_EXERCISE DATA_.
[Start of Attachment]

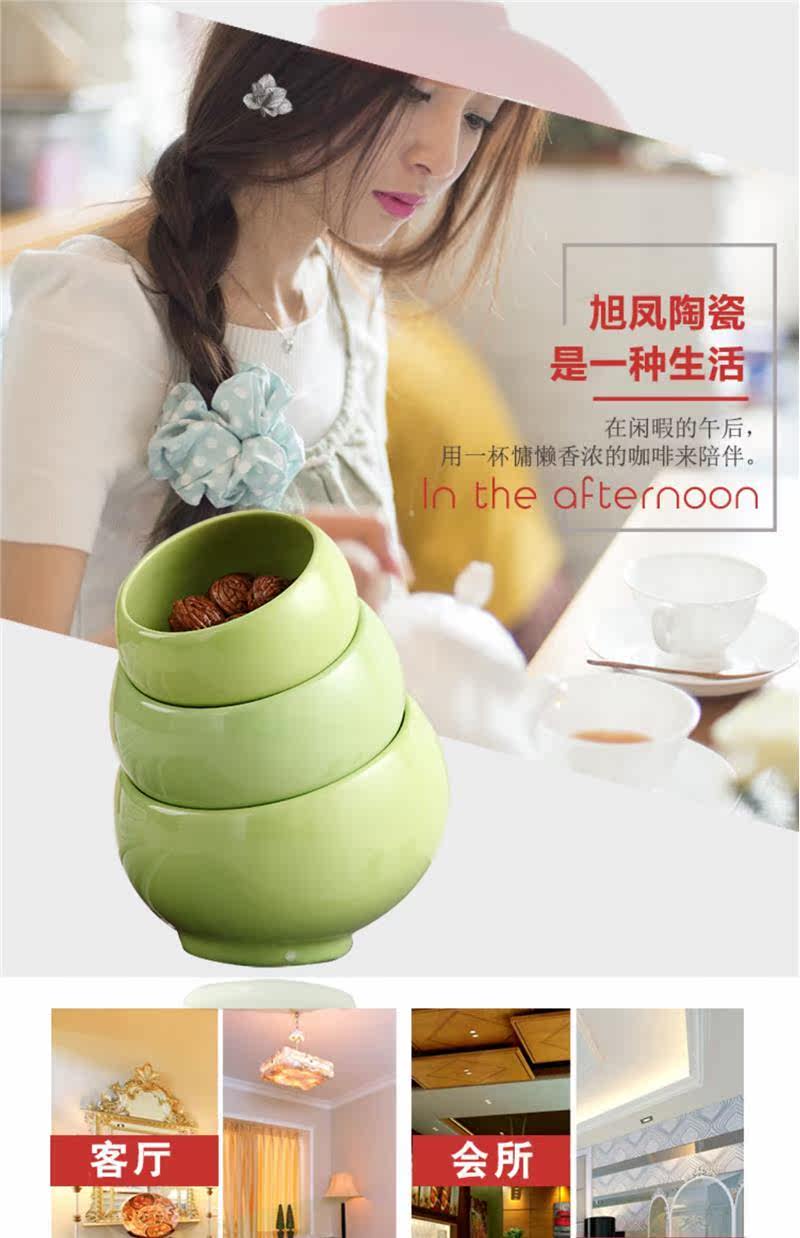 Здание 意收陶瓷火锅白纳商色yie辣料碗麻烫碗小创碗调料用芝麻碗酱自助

[End of Attachment]
[Start of Attachment]

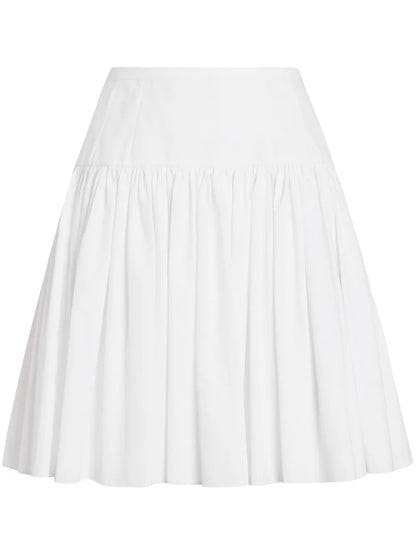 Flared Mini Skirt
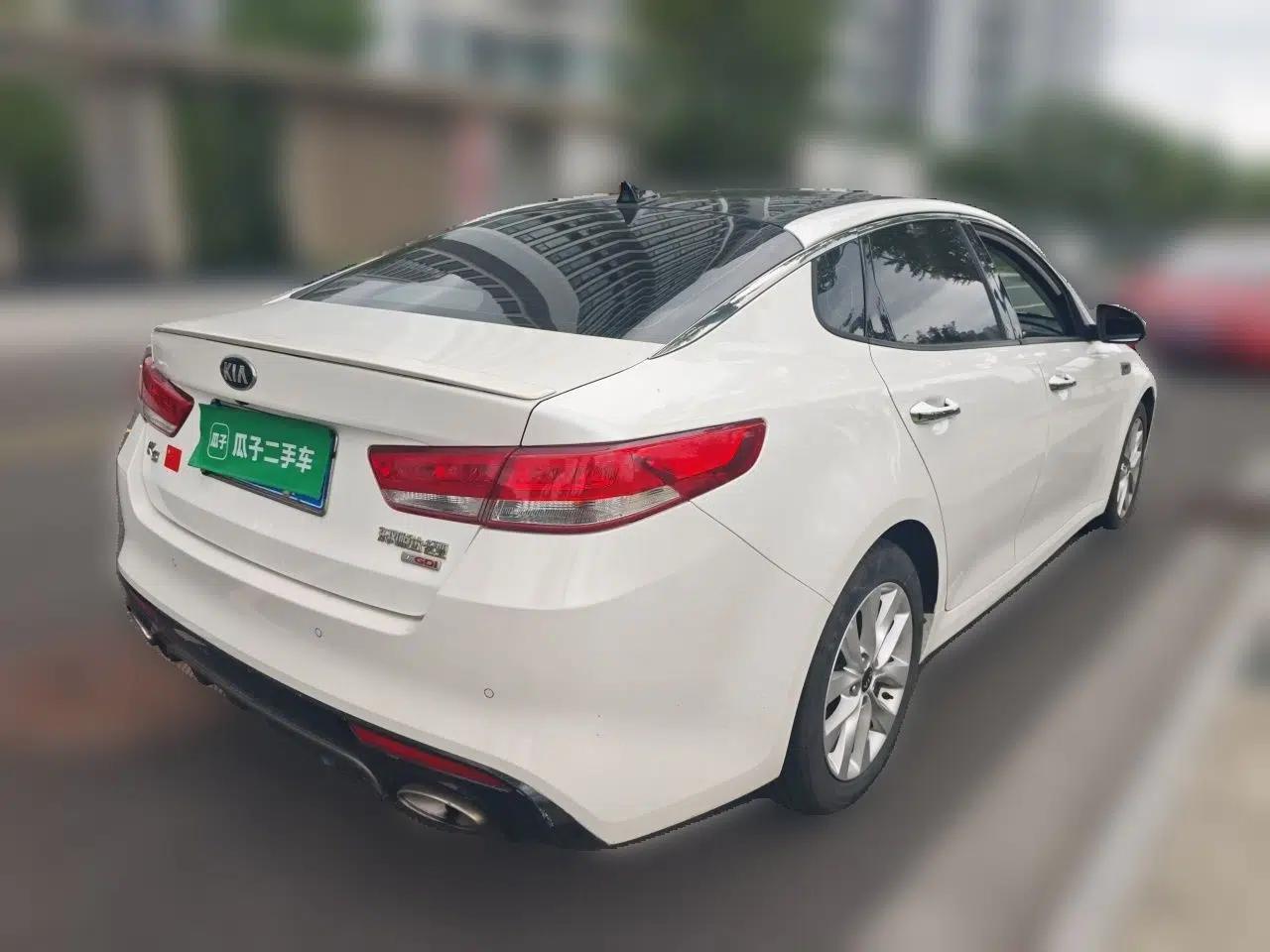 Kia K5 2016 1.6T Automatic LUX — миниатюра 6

[End of Attachment]

_EXERCISE_.
Among the entries above, locate the line with "Flared Mini Skirt" and the line with "Kia K5 2016 1.6T Automatic LUX — миниатюра 6". Give those two lines and all lines between them again, exactly, leaving out the pictures.

_TASK RESULT_.
 Flared Mini Skirt
 Kia K5 2016 1.6T Automatic LUX — миниатюра 6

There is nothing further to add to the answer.